As microservices are an architecture optimized for autonomy, it also works very well in the cloud environment. After all, the cloud means autonomy through self-service and higher order abstractions over infrastructure. Operating software in the cloud removes dependency on big operations teams that take care of physical servers and data centers and allows developers to easily deploy and use resources. We’re also transitioning from Infrastructure-as-a-service (or IAAS) platforms, where we rent virtual servers on-demand, to more flexible solutions that allow us to package our software as containers and deploy them on multiple different platforms (such as Kubernetes).

Serverless

The latest development after containers has been the move to Serverless world. Serverless does not only mean Functions-as-a-service (FAAS) platforms but rather all kinds of services where it is not actually necessary to think about the physical or virtual servers anymore, such as Database-as-a-service platforms, cloud storage, messaging solutions, and others. Many of these services build on top of other cloud solutions, and some even operate on top of container systems as an implementation detail.

However, the higher the level of abstraction, the less infrastructure overhead there is, but there’s also less control over the implementation. Ultimately, Sam’s thesis is that even if containerization is a better form of virtualization, usually serverless is a better form of abstraction when it comes to software development.

Serverless microservices

What do serverless microservices look like?
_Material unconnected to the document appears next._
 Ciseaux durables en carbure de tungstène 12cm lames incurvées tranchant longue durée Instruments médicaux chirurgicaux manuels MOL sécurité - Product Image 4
A microservice is usually modeled around a single aggregate, like “invoices”, and it owns all of the related data. Access to the data happens through well-defined APIs, and in the case of serverless, the aggregates state transitions can be modeled as FAAS functions. A service thus consists of cloud functions, that are all independently deployable but coupled to the same database.

How do we then keep the separation of different aggregates’ data intact? What if your invoicing service needs to access some user data? We can still think of the logical collection of the cloud functions within the aggregate as an isolated service, and all data access needs to be funnelled through one of its APIs. If the invoicing functions need to access any user data, we need to call the user functions, and not go through a backdoor into the user database.

Many FAAS platforms also provide some form of persistence layer in the form of a database service or similar. Unfortunately, none of these platforms offer very good tools for having a well-defined isolation between the cloud functions of different aggregates. In practice, this requires strict adherence to the aggregate and service boundaries on the database level.

Summary

For some time now, the hype has been building not just for microservices but also the modern infrastructure techniques with which we can provide them (i.e Serverless). What really stood out from Sam’s workshops and talks was that good conceptual design of the problem domain is crucial to architect robust and maintainable microservices.

Domain Driven Design provides many design tools and techniques that aid in this process, in particular, the bounded context. The bounded context is created in close collaboration with those that own the problem domain (organizations that we build software for, and their customers), and can be formed using techniques such as Event Storming. It’s these bounded contexts that help us design and implement microservices that any number of business applications can use to drive business value.

One often understated, but very important concept is that the success of a microservice is not only measured by its ability to provide applications with an API into the business domain. A successful microservice is also measured by how easy and enjoyable it is for developers to use and build upon.

This is the goal of Domain Driven Design — to design and build software that fulfils business goals whilst making that software enjoyable to use and develop upon, over its entire lifecycle.

DevTalks will be back next spring

We had a very exciting night. I would like to thank Andew and Sam for the inspiring talks, and all the participants who joined us for coming and engaging in intriguing conversations after the talks!